Dario's coredump

My Desktop Setup

It took me more time than I expected to write up this second post, I hope to be able to ramp up the rhythm soon. The reason is that I haven’t really wrote this up by impulse… In fact I wanted to write this since quite some time, and in the meanwhile in the last days, I was busy planning a small Jam along with other small misc duties.

Two years and a half ago I bought a new desktop computer, it had to be shared with my family, so I planned that it would’ve run Windows alongside Linux.

That’s not too bad, since having the opportunity to run games or other software natively on Windows is nice to have, but the truth is that being this only a secondary computer for me, it would’ve run Windows most of the time.

So, to test something that I hadn’t tried yet at the time (that would’ve been useful in case someone dropped by our LUG asking for support about it) and to skip chainloading the Windows bootloader (thus potentially slowing down the boot, something I didn’t want: Given that I used an ssd as a boot drive, I wanted to avoid such things, even if it would’ve only a marginal effect) I chose to use wubi.

For those that don’t know about it: it avoids changing the bootloader with grub and installs ubuntu in a loopback mounted virtual disk (a normal file under windows). It was quite neat, but I stumbled upon some nasty issues when upgrading to grub2, such as this bug.

At the end, I’m not quite convinced of the tradeoff in complexity for new users, given the potential nasty edge cases…

Btw, I also decided to try some other things I didn’t really have much experience in linux… One of these, if I remember correctly, was Ext4; while the other was simply installing Linux on an ATI gpu.

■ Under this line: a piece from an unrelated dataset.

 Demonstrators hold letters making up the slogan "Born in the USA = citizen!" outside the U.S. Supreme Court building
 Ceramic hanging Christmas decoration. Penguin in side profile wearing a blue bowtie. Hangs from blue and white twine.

ATI has always had a bad reputation among linux users, but when I chose the hardware for that desktop, the Radeon 4890 seemed like a nice choice, and I was curious about proving that wrong.

In fact, it’s been some years now that they started an effort to supply a good OSS driver for their cards. Sure, you can still be out of luck when running a bleeding edge distribution, due to the delay in updating the drivers to get them working with the latest changes in Xorg and such…

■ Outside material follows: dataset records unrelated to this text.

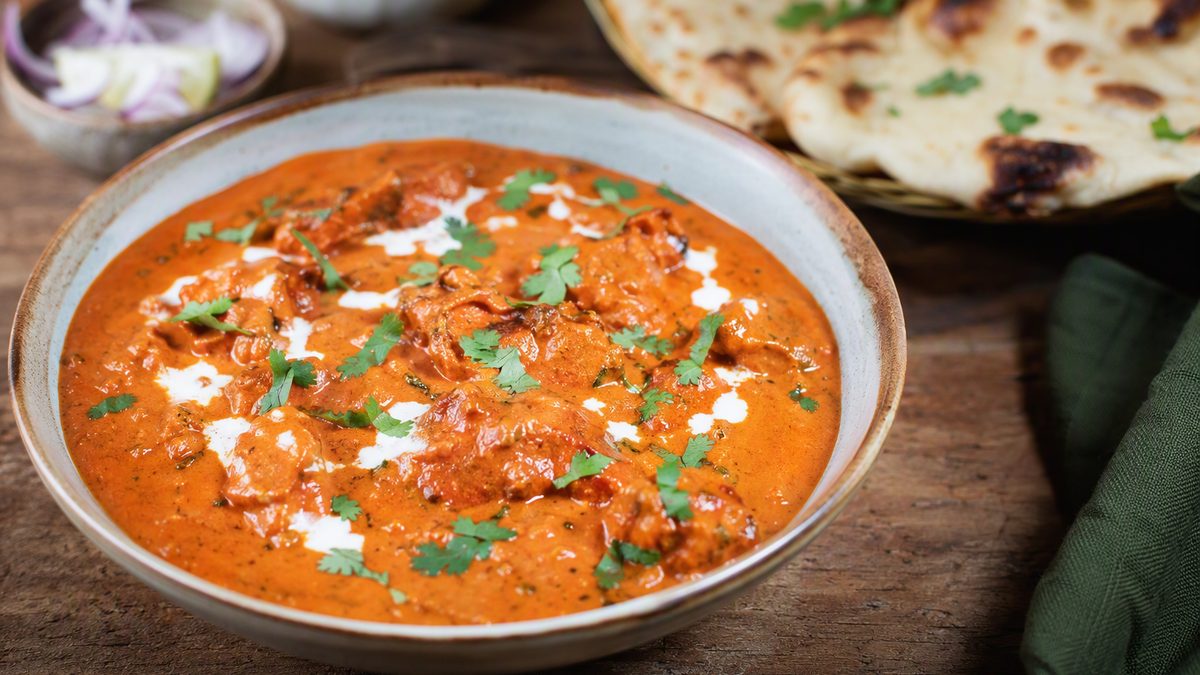 Bowl of butter chicken with naan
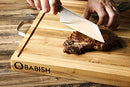 Babish Clef knife slicing cooked steak on wooden cutting board in kitchen setting
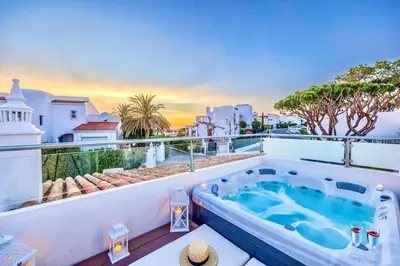 a hot tub on the balcony of a house at Stunning 2-Bedroom Beach Retreat in Vale do Lobo in Almancil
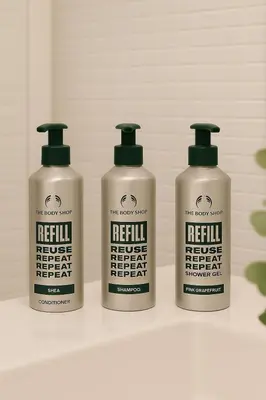 a group of four bottles of reiki moisturizers on a shelf at Ollio Quiet City Center Apartments in Belgrade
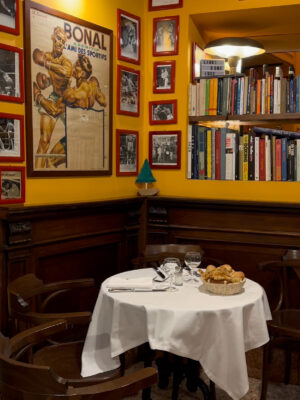 an image of a table in a corner at La Libera and the yellow walls are covered with photos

In fact Ubuntu had to get into agreements with ATI to be able to ship the drivers in time or backport some of the Xorg changes.

Surely, I still found Intel gpu drivers, to be more stable (even if lacking in OpenGL features and performance, and obviously I’m not counting the horrible GMA500), but I find it strange that Linux people are still preferring Nvidia over Ati, when they’re being so hostile by removing support to their old 2d-only open source driver altogheter without commiting to help the Nouveau project.

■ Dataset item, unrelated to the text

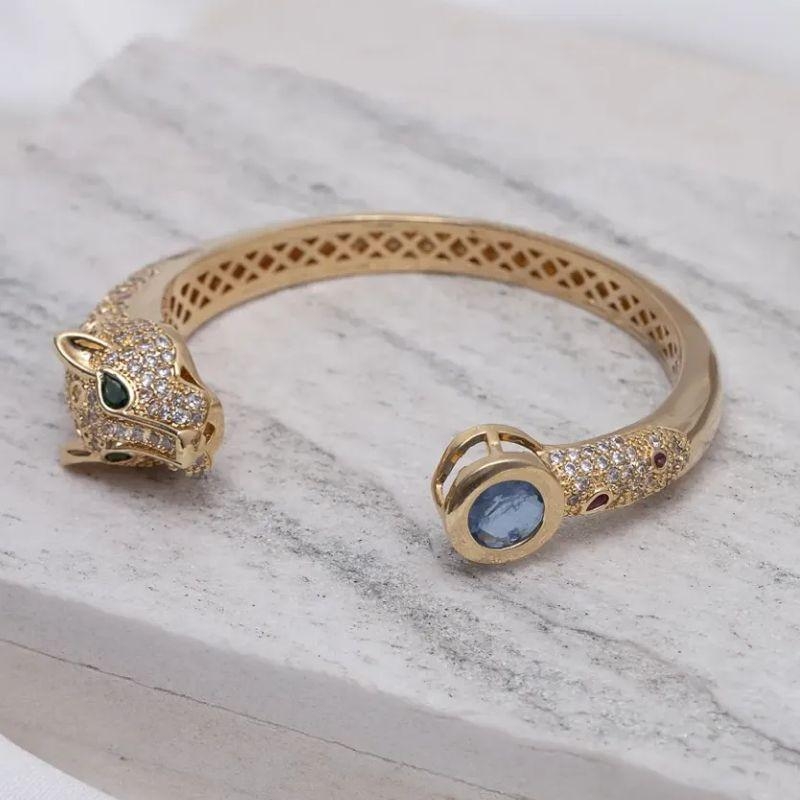 BRACELETE TIGRE COM ZIRCÔNIAS E PEDRA AZUL BANHO OURO 18K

I’ve also seen plenty of times, Linux users with an Nvidia powered laptop, struggling to set up correctly an external display/beamer, this due to the fact that Nvidia doesn’t support xrandr1.2 and pushes for their own TwinView option, with their own configuration tools, and their own set of problems.

With this setup, I’ve been able to see some interesting things: like the performance of the loopback drive… by doing a readonly benchmark inside palimpsest I noticed that it was about half of the performance when directly accessing the ntfs drive (that, being a 30GB SSD, is thus really tight for hosting 2 OS installations)

I also chose to keep all the user configuration files on the SSD, and move only huge things on the secondary traditional hard drive… Thanks to the fact that both Linux and Windows Vista support symbolic links, this gives me quite a bit of flexibility in setting that up. That said, I don’t think that the small advantage of being able to load chrome’s sqlite dbs faster and such things outweighs the time lost cramming everything into such a small space and tracking down rogue programs/users when those filled their home folder (not to mention the pain of setting up all the symlink for each new user).

In fact I think I won’t ever use such a directory layout… Heck: it’s 2012, we aren’t supposed to micromanage disk space this way anymore.